Sein Spitzname lautete "Hurricane", ein Profiboxer, der in den frühen sechziger Jahren im Mittelgewicht zu den Besten in seiner Klasse gehörte. Ein durchtrainierter junger Schwarzer mit einem Schnurrbart, einer rasierten Glatze, einem furchterregenden Blick und einer harten Linken. Ein Herausforderer, der 1964 nach dem WM-Titel griff, aber die Auseinandersetzung gegen den damaligen Weltmeister Joey Giardello nach Punkten verlor.
"Carter misses. Takes a left. Listen to this fandom. The fight is all but over. It's all over. And they smile look at that. And that's the fight."

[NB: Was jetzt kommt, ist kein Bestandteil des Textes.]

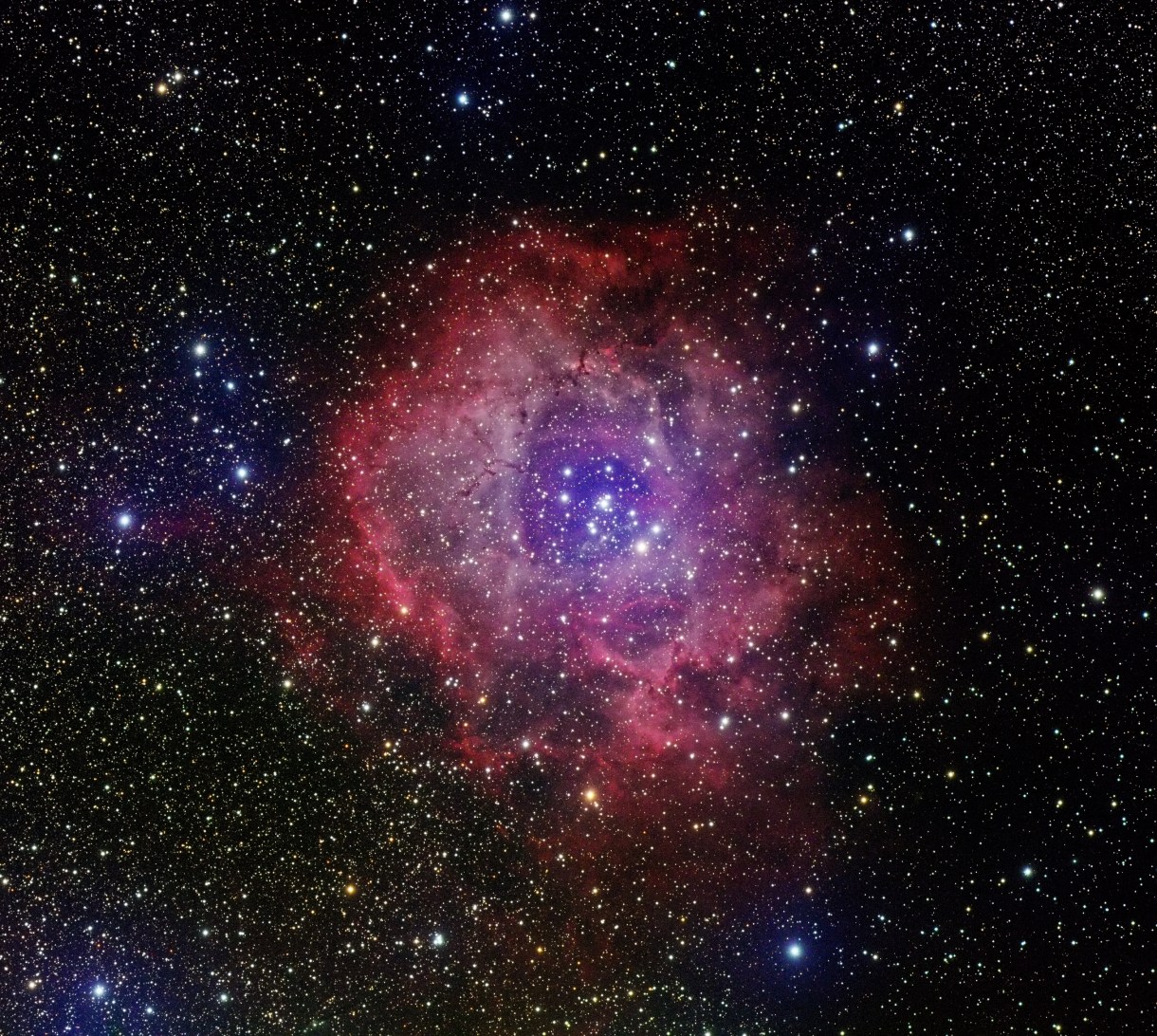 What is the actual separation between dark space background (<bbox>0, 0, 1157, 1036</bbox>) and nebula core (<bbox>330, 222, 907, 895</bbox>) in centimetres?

Der wirkliche Kampf begann für Rubin Carter keine zwei Jahre später – außerhalb vom Ring. Da wurde er eines nachts in seiner Heimatstadt Paterson, einem Vorort von New York, zusammen mit einem Freund festgenommen, nachdem in einer Bar drei Menschen erschossen und einer schwer verletzt worden war. Obwohl er seine Unschuld beteuerte, wurde er zu einer lebenslänglichen Haftstrafe verurteilt. Ein Zeuge, der später alles wiederief, hatte ihn belastet.
Gewiss: Dies ist die Geschichte von zehntausenden anonymen Amerikanern, die dank der Willkür eines rassistischen Rechtswesens die Gefängnisse in den USA bevölkern. Doch der Fall des Boxers Rubin "Hurricane" Carter ragte von Anfang heraus. Denn der Boxer kämpfte auch noch hinter Gittern konsequent weiter.
"Ich wusste, ich bin unschuldig. Jeder Tag im Gefängnis war ein Kampf gegen das gesamte System. Ich habe nicht die Häftlingskleidung getragen. Ich habe Wachen oder den Gefängnisleiter ignoriert und mit keinem von ihnen auch nur gesprochen."
Carter hatte Glück: Nachdem er seine Geschichte zu Papier gebracht und ein Buch mit dem Titel "The Sixteenth Round" – "Die sechzehnte Runde"– veröffentlicht hatte, begannen zahllose prominente Amerikanern, sich für seinen Fall zu interessieren. Ein besonderes Zeichen setzte damals Bob Dylan Mitte der siebziger Jahre mit dem Lied "Hurricane". Er kam damit sogar in die Hitparaden.
"Here comes the story of the 'Hurricane'. The man the authorities came to blame for something he had never done."
Die Publizität und die Unterstützung von Künstlern und Sportlern wie Muhammad Ali half, eine Wiederaufnahme seines Verfahrens anzustrengen. Das Resultat war allerdings niederschmetternd. Der Prozess endete in einem erneuten Schuldspruch. Und Carter geriet danach weitgehend in Vergessenheit. Woran auch das Buch "Calhoun" des namhaften Schriftstellers Nelson Algren nichts änderte, der sich mit der Faktenlage des Falles noch einmal sehr gründlich auseinandersetzte.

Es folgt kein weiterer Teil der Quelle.